トヨタが「できる人」を作る秘密の仕組み マニュアルを超える「標準」の威力
2つ目の盲点は「できるはず」です。再び、大嶋のエピソードを紹介します。
「私がトヨタ時代にある設備の修理手順を要領書にまとめたとき、ベルト切り替えの方法を『設備にあわせてベルトを切って結ぶ』と書きました。後日、後輩がその要領書に従って作業をしたのですが、なかなか終わらない。心配になって見に行くと、私が5分でできる作業を後輩は2時間かかってもできていませんでした。結局、ラインを止めざるをえませんでした」
理由は、簡単でした。ベルト切り替えの場所はスペースが狭く、手が十分に入りません。にもかかわらず、後輩は最初に設備ピッタリにあわせてベルトを切ってから結ぼうとしていたので、うまく結べずにいたのです。大嶋が行った作業は、ベルトを最初に設備に結んでから、余った部分をカットすることでした。こうすればベルトの長さに余裕があるので、狭い場所でも簡単に結べるのです。

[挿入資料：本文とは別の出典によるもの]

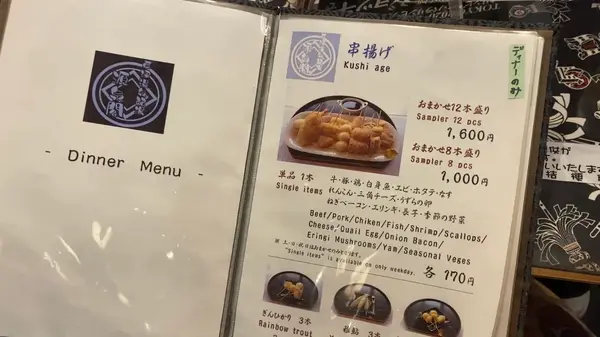 スポット内のおすすめ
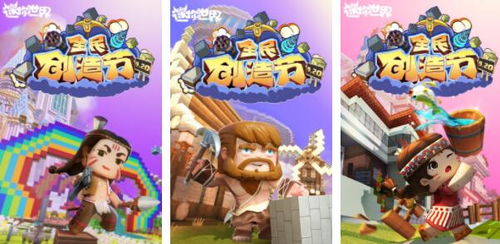 火车游戏下载必备！揭秘十大热门必玩火车游戏排行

「上司から『要領書の書き方が悪い』と叱られたのは私でした。私にとっては『ベルトを結んでからカットする』のが当然で、そこまで書く必要はないと思い込んでいたのです」
部下を「信頼」しても「信用」してはいけない
これは「できるはず」による典型的な失敗です。しかし、あまりに簡単なことまで標準に落とし込むことは、部下を見下しているようで抵抗を覚える方もいるかもしれません。それについてトレーナーの原田敏男は、このように言います。
「トヨタ時代の上司に、部下を『信頼』しても『信用』してはいけないと言われました。部下を人間として信頼し、『彼に任せておけば結果を出してくれる』というスタンスで接することは正しい。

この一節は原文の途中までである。